Barcode
Barcode is a combinatorics problem from the ICPC Asia Regional in Ho Chi Minh City 2017.
Problem
Here’s the link: https://open.kattis.com/problems/barcode
In this problem, we are asked to compute the number of valid barcodes where each bar is either blue or red and at least one of the following conditions hold.
- No two blue bars can be next to each other.
- The number of blue bars = the number of red bars.
We’re given T test cases, each test case consisting of integers N and M where
1 <= N <= 10^6
1 < M <= 10^7 and M is prime.
For each test case we want to compute the number of valid barcodes for a barcode of length N mod M
Approach
We can approach this problem in cases.
Case 1: No 2 consecutive blue bars
For a barcode of length N, we first count the number of barcodes that have no 2 consecutive blue bars. We call this function F(n). Consider the last bar in the barcode. It can be either red or blue. If it is red, there are F(n - 1) ways to select the rest of the bars. If the last bar is blue, the second to last bar must be red. Otherwise we will have 2 consecutive blue bars. Since, the second to last bar is now fixed, we have F(n - 2) ways to choose the rest of the bars. Therefore,
F(n) = F(n - 1) + F(n - 2)
Case 2: Number of blue bars = Number of red bars
We now count the number of barcodes that have the same number of red and blue bars. We first point out that this can’t be possible if the total number of bars is odd. This a simple combination. We have N spots and we want to choose N / 2 spots to be blue and N / 2 spots to be red. So this total is just
(N choose (N / 2))
Overcount
Notice we overcount barcodes where both case 1 and case 2 apply. Therefore, by the inclusion exclusion principle, we can simply count the number of barcodes that satisfy both cases and subtract it from total.

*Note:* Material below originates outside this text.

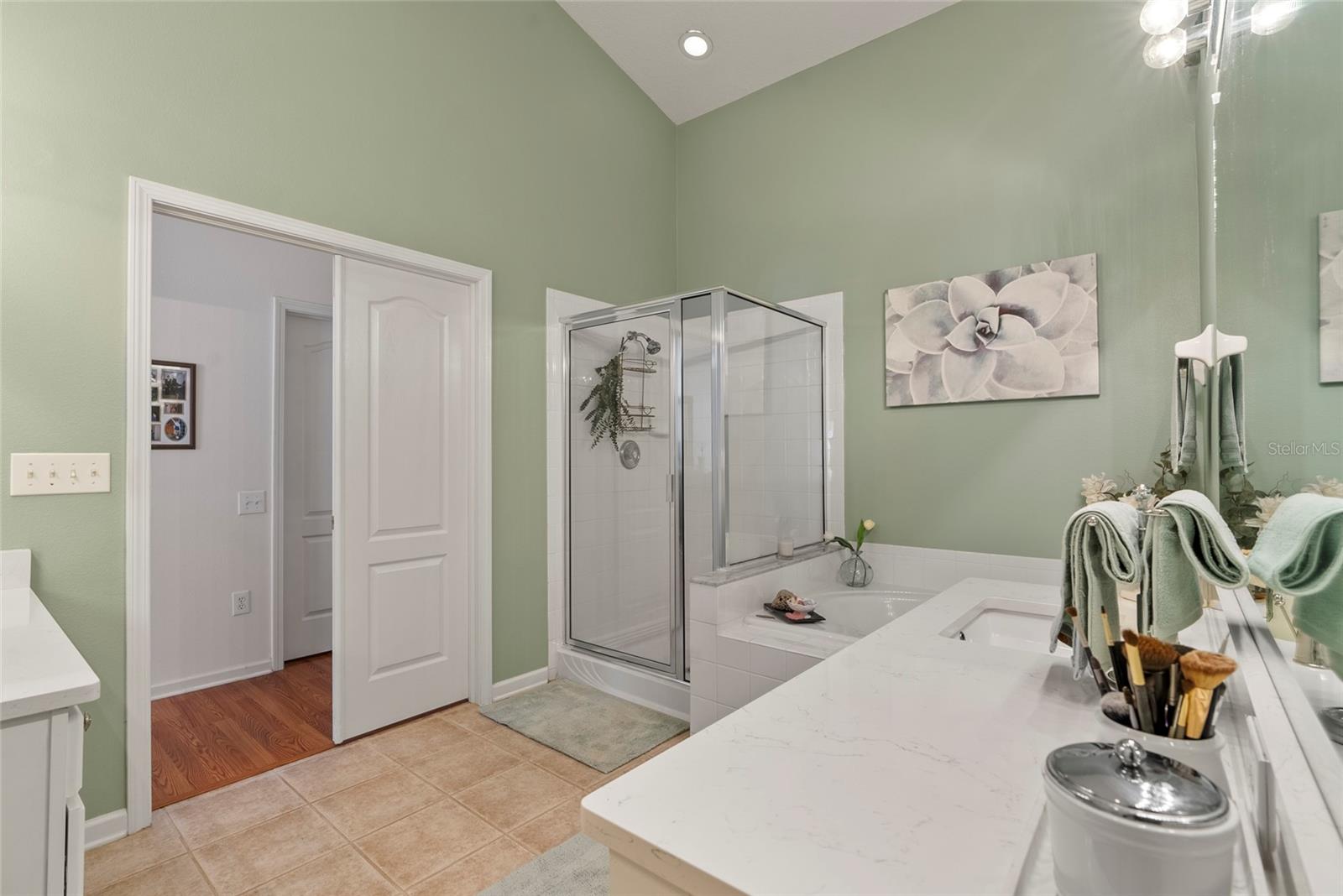 Listing photo id 24 for 25237 Lexington Oaks Boulevard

This is relatively simple to count. We have N / 2 blue bars and N / 2 red bars. We can take the N / 2 blue bars and put a red bar in between each of them, using up N / 2 - 1 red bars. We have just 1 red bar left. There are N / 2 + 1 places to place that one extra bar (in between any pair of adjacent blue bars or on the edges). Therefore, the overlap of the two cases is:
N / 2 + 1
Coding it Up
Coding up the combination is a little tricky because we are calculating it mod m which means that we cannot do integer division. Therefore, we do modular division by multiplying by the inverse using Fermat’s Little Theorem as follows.
# factorial modulo m
def fact(n, m):
if n == 0:
return 1
return (n * fact(n - 1)) % m
# inverse modulo m
def inverse(n, m):
return pow(n, m - 2, m)
# nCr modulo m
def nCr(a, b, m):
return (fact(a, m) * inverse(fact(b, m)) * inverse(fact(a - b, m))) % m
Turns out this doesn’t work in the case where fact(a, m) is 0 and either fact(b, m) or fact(a - b, m) is 0. In this case we end up with a division of 0 by 0 which is undefined. To fix this we can count the number of times m divides the numerator in the combination and the number of times m divides the denominator in the combination. If these counts are not equal, the answer is 0. Otherwise, we can remove the m multiplicty from our factorials before proceeding with the computation of the combination. Code for this is below:
def modfact(a, n):
x = 1
for i in range(1, a + 1):
while i % n == 0:
i //= n
x = (x * i) % n
return x
def count(num, mod):
total = 0
cur = mod
while num >= cur:
total += num // cur
cur *= mod
return total
def nCr(a, b, n):
if count(a, n) > (count(b, n) + count(a - b, n)):
return 0
fa = modfact(a, n)
fb = modfact(b, n)
fc = modfact(a - b, n)
r = (fa * pow(fb, n - 2, n) * pow(fc, n - 2, n)) % n
return r
From this, we can easily compute the answer using the formula from the approach section.
def solve():
n, m = map(int, input().strip().split())
a, b = 1, 1
for _ in range(n):
a, b = b, (a + b) % m
if n % 2 == 0:
b += nCr(n, n // 2, m)
b -= n // 2 + 1
b %= m
print(b)